→ **Directions**
Look in the listing below for the line that has "doershow very fashion", then return it and each following line up to and including the one with "Collier viking Odin or", exactly and without pictures.
Raw data Block Start
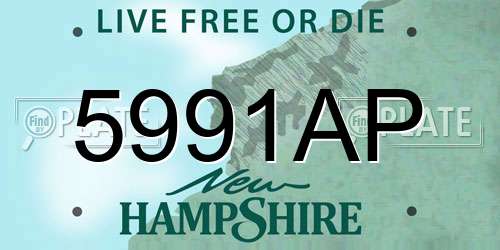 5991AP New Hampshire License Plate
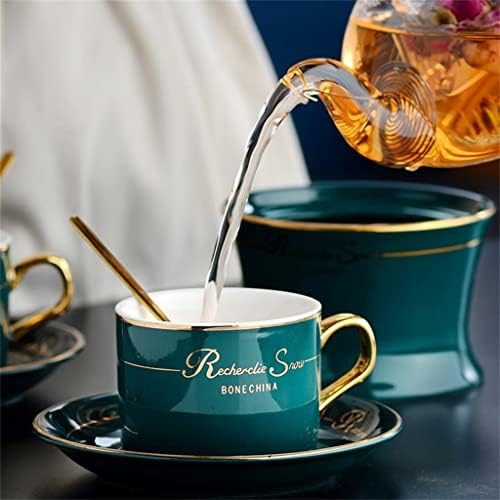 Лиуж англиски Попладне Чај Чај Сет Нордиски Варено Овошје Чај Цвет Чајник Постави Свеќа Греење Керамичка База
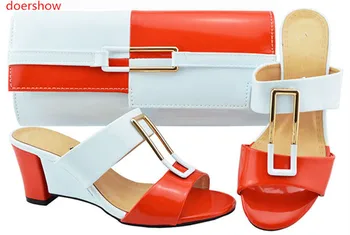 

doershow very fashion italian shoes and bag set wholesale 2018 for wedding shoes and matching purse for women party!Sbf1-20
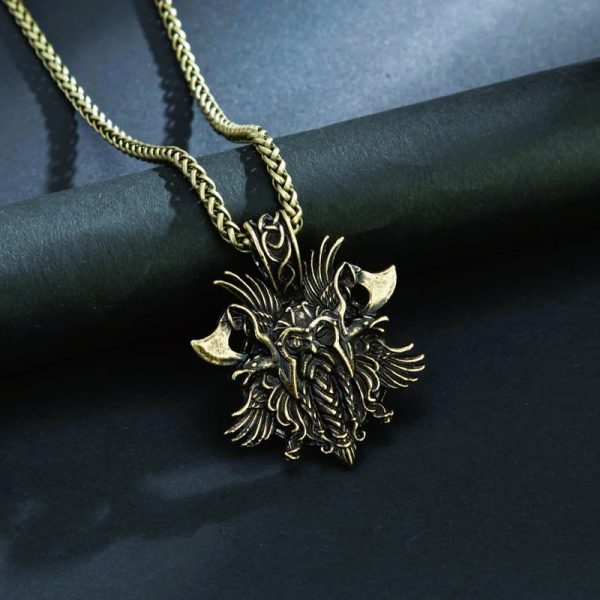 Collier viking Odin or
Raw data Block End
Raw data Block Start
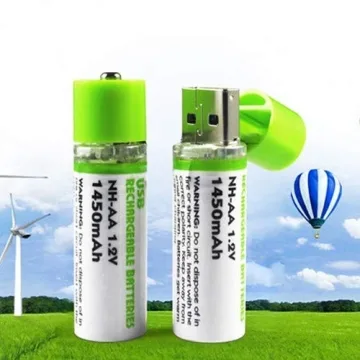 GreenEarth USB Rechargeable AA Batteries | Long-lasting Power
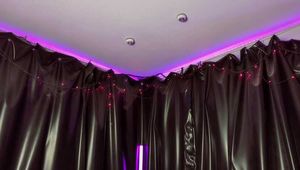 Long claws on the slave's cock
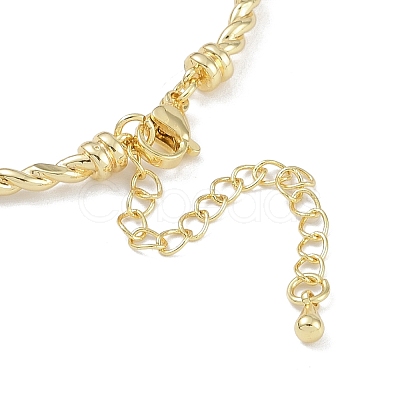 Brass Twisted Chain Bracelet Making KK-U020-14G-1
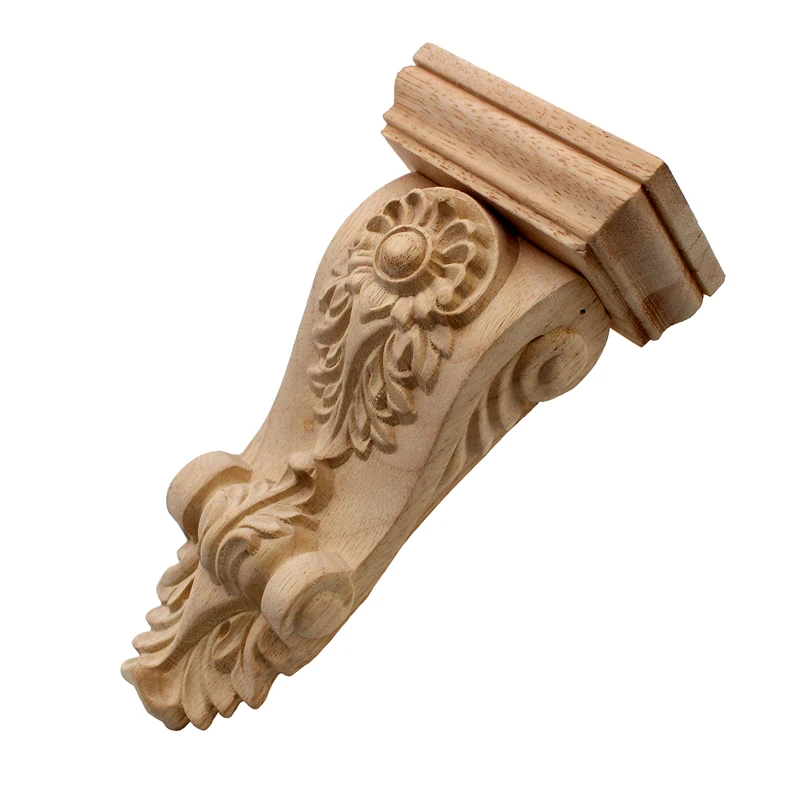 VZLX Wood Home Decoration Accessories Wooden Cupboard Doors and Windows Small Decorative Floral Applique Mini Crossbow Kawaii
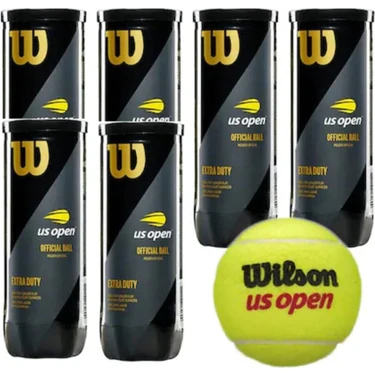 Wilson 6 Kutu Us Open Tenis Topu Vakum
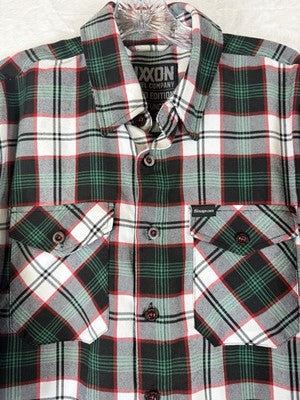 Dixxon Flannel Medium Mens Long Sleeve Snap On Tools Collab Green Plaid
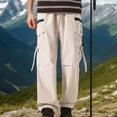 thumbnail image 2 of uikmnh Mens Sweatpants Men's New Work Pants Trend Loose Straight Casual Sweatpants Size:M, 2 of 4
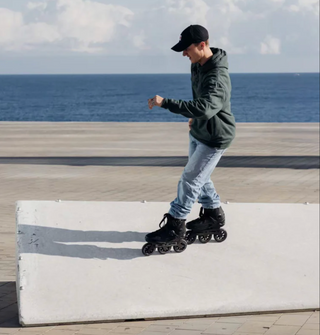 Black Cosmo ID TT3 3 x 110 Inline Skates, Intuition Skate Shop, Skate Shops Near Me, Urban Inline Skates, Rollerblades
Raw data Block End
→ **Written response**
doershow very fashion italian shoes and bag set wholesale 2018 for wedding shoes and matching purse for women party!Sbf1-20
 Collier viking Odin or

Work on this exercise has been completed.